Extensions to both the C and C++ standards include the following:
Restricted pointers (Section 3.1)
long long types (Section 3.2)
// comments (Section 3.3)
The following extensions apply only to the C standard:
Complex data types (Section 3.4)
Variable length arrays (Section 3.5)
fortran keyword (Section 3.6)
Hexadecimal floating-point constants (Section 3.7)
In extended mode, the identifier restrict is treated as a keyword that specifies a third type qualifier (in addition to const and volatile). A pointer with restrict-qualified type is termed a restricted pointer.
Restricted pointers are a language extension offered by Cray Standard C and Cray C++ for asserting the absence of aliasing through pointers. One advantage of using restricted pointers on UNICOS systems is that they can increase the number of loops that the compiler can vectorize. On UNICOS/mk systems, they can improve instruction scheduling and memory hierarchy analysis.

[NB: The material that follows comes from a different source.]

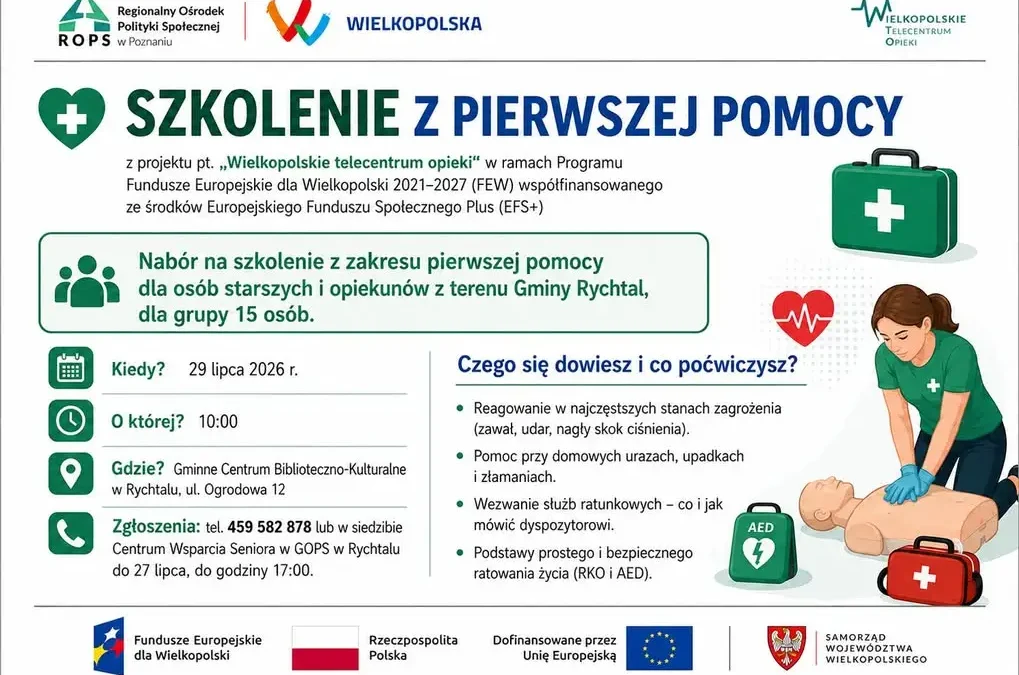 Bezpłatne szkolenie z pierwszej pomocy dla seniorów i opiekunów w Rychtalu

When it is inconvenient to modify the source code so that the restrict qualifier appears explicitly in pointer declarations, use the -h restrict= command-line option (for more information, see Section 2.7.2).
A program that uses the restrict qualifier can easily be ported to a system that does not support the qualifier by defining the identifier restrict to be an empty preprocessor macro. You can do this with the -D restrict= option or by using the following code:
#ifndef _CRAYC #define restrict #endif |
If the preceding directives are included in a program, a declaration of the following form expands into a declaration of a restricted pointer with Cray Research compilers and into a declaration of an ordinary pointer with other compilers:
int * restrict p; |
On UNICOS systems, the compiler ignores some uses of restrict that it currently cannot vectorize. Some cases that are ignored are discussed in Section 3.1.6.
If a function has pointer parameters that point into disjoint (array or non-array) objects in each call, the use of these parameters can be asserted to the compiler by declaring the pointer parameters to be restrict-qualified. This eliminates potential aliasing through those pointers as an obstacle to vectorization of the loops in the function, and also allows improved scheduling of scalar code.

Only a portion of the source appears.